Task prompt:
Each record should be returned exactly as it is written.

Dataset content:
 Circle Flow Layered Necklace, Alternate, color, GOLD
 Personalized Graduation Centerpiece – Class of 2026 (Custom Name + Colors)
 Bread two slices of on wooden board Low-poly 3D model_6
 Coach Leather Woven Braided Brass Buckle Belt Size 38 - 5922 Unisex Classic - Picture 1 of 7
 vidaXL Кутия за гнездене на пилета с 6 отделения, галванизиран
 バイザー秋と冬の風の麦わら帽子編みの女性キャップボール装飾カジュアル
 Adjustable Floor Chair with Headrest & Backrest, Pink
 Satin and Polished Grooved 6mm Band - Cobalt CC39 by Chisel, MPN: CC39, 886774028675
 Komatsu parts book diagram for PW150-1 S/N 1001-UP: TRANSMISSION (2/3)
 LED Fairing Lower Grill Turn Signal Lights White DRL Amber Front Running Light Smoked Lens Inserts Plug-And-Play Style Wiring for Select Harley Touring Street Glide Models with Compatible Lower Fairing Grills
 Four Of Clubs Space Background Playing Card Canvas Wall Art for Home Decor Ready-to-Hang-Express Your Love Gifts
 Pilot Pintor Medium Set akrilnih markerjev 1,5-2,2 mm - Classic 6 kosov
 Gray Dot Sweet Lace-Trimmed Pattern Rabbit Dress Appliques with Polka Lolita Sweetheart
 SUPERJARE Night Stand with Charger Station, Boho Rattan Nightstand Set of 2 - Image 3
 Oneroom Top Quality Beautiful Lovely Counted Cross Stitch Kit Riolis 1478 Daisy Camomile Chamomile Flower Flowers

Result below:
 Circle Flow Layered Necklace, Alternate, color, GOLD
 Personalized Graduation Centerpiece – Class of 2026 (Custom Name + Colors)
 Bread two slices of on wooden board Low-poly 3D model_6
 Coach Leather Woven Braided Brass Buckle Belt Size 38 - 5922 Unisex Classic - Picture 1 of 7
 vidaXL Кутия за гнездене на пилета с 6 отделения, галванизиран
 バイザー秋と冬の風の麦わら帽子編みの女性キャップボール装飾カジュアル
 Adjustable Floor Chair with Headrest & Backrest, Pink
 Satin and Polished Grooved 6mm Band - Cobalt CC39 by Chisel, MPN: CC39, 886774028675
 Komatsu parts book diagram for PW150-1 S/N 1001-UP: TRANSMISSION (2/3)
 LED Fairing Lower Grill Turn Signal Lights White DRL Amber Front Running Light Smoked Lens Inserts Plug-And-Play Style Wiring for Select Harley Touring Street Glide Models with Compatible Lower Fairing Grills
 Four Of Clubs Space Background Playing Card Canvas Wall Art for Home Decor Ready-to-Hang-Express Your Love Gifts
 Pilot Pintor Medium Set akrilnih markerjev 1,5-2,2 mm - Classic 6 kosov
 Gray Dot Sweet Lace-Trimmed Pattern Rabbit Dress Appliques with Polka Lolita Sweetheart
 SUPERJARE Night Stand with Charger Station, Boho Rattan Nightstand Set of 2 - Image 3
 Oneroom Top Quality Beautiful Lovely Counted Cross Stitch Kit Riolis 1478 Daisy Camomile Chamomile Flower Flowers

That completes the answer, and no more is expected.